Das macht die Sache für die Partei, die nur denkbar knapp den Wiedereinzug in den Bundestag schaffte, nicht leichter, zumal auch die internen Streitigkeiten nicht beigelegt werden konnten. Im Gegenteil: Der Riss zwischen den Reformern und «Bewegungslinken» auf der einen Seite und den «linkskonservativen» Kräften um die frühere Fraktionsvorsitzende Sahra Wagenknecht auf der anderen hat sich weiter vertieft. Nachdem die erstgenannten auf dem Bundesparteitag im Juni in allen Fragen klare Mehrheiten gewinnen konnten und im Bundesvorstand kein Vertreter der Wagenknecht-Gruppe mehr sitzt, wird in dieser lautstark über den Bruch mit der Partei und eine eigenständige Kandidatur zur Europawahl 2024 spekuliert. Das zeigt, dass das parlamentarische Überleben der Linkspartei fünfzehn Jahre nach ihrer erfolgreichen Gründung durchaus gefährdet ist.

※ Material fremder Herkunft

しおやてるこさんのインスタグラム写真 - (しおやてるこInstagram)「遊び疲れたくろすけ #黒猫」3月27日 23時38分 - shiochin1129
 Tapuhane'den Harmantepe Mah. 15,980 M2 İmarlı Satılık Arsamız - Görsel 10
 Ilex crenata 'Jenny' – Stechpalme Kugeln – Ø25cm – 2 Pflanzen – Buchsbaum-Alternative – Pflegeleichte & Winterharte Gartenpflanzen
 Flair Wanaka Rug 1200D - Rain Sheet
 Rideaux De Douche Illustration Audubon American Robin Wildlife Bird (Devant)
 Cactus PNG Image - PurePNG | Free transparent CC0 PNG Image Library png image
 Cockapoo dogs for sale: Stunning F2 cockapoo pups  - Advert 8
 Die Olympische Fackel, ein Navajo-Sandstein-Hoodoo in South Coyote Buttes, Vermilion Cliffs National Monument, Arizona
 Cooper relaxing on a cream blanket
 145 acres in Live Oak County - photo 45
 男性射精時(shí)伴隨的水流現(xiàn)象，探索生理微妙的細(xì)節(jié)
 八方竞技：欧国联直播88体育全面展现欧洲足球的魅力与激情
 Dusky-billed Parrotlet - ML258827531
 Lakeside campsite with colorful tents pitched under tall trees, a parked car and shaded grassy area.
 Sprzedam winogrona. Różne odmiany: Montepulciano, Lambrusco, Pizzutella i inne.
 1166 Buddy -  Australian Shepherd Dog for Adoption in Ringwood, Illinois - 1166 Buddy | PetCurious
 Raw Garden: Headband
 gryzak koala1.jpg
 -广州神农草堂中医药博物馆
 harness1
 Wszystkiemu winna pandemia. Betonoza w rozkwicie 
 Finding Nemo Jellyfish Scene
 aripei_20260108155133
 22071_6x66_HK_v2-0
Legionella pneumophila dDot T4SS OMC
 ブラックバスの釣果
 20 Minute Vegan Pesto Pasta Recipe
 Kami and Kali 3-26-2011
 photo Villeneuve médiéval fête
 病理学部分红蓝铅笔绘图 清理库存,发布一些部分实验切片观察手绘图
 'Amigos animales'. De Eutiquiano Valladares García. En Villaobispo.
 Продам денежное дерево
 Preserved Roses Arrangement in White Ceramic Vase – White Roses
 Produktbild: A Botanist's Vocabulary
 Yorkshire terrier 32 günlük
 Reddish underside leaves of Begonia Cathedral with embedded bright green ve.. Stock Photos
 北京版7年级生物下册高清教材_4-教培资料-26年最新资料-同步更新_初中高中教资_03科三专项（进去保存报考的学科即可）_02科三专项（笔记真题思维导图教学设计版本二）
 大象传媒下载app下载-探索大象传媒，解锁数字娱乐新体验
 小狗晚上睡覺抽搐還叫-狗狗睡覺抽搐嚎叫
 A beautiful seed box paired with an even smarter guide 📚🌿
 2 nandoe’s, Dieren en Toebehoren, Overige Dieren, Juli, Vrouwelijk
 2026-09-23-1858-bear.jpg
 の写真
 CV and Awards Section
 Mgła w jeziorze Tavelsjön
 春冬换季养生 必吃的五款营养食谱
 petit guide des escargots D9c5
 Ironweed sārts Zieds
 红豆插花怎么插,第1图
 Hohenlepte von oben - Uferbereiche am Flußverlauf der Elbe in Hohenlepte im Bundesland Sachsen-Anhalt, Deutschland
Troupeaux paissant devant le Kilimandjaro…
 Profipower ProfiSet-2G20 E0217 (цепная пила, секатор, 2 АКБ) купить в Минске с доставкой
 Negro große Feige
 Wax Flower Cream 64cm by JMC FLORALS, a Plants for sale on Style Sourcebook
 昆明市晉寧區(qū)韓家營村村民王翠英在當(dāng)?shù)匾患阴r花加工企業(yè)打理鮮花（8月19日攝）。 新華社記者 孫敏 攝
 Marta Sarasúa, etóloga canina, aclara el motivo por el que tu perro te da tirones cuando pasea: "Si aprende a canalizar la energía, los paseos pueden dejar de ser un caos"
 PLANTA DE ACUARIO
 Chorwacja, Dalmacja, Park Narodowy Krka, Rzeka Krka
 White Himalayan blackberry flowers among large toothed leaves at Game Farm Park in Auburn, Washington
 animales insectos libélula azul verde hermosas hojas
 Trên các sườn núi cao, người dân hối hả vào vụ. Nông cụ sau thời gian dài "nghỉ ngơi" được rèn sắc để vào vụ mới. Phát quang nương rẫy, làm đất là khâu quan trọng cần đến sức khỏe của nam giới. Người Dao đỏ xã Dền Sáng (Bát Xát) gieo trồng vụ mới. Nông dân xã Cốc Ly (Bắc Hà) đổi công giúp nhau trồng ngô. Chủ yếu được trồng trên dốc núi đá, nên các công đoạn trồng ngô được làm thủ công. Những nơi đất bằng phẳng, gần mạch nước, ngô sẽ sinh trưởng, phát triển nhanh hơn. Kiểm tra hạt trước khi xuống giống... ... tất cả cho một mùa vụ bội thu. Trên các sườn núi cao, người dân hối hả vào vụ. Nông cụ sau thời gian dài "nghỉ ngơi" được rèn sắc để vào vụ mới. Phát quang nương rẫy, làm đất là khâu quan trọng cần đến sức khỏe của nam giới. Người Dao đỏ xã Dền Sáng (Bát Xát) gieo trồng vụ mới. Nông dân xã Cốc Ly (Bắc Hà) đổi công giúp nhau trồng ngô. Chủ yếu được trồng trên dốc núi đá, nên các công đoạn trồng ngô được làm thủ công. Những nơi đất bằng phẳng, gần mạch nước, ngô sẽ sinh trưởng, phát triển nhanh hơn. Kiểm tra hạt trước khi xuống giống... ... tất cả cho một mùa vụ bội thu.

Es gibt indes auch Grund zur Hoffnung. Denn obschon DIE LINKE in den Umfragen derzeit bei lediglich fünf Prozent liegt, liegt ihr Wählerpotenzial einer aktuellen Studie zufolge bei bis zu 18 Prozent. Außerdem ist die Partei an immerhin vier Landesregierungen beteiligt und stellt im Bundesland Thüringen sogar den Ministerpräsidenten; sie bleibt einstweilen also ein realer Machtfaktor. Sollte DIE LINKE es schaffen, die Erfolge ihrer Regierungsarbeit in den Ländern und Kommunen zu konsolidieren und gleichzeitig im Parlament und auf der Straße entschlossene Oppositionspolitik gegen die Bundesregierung zu betreiben, könnte sie den Spieß durchaus noch umdrehen.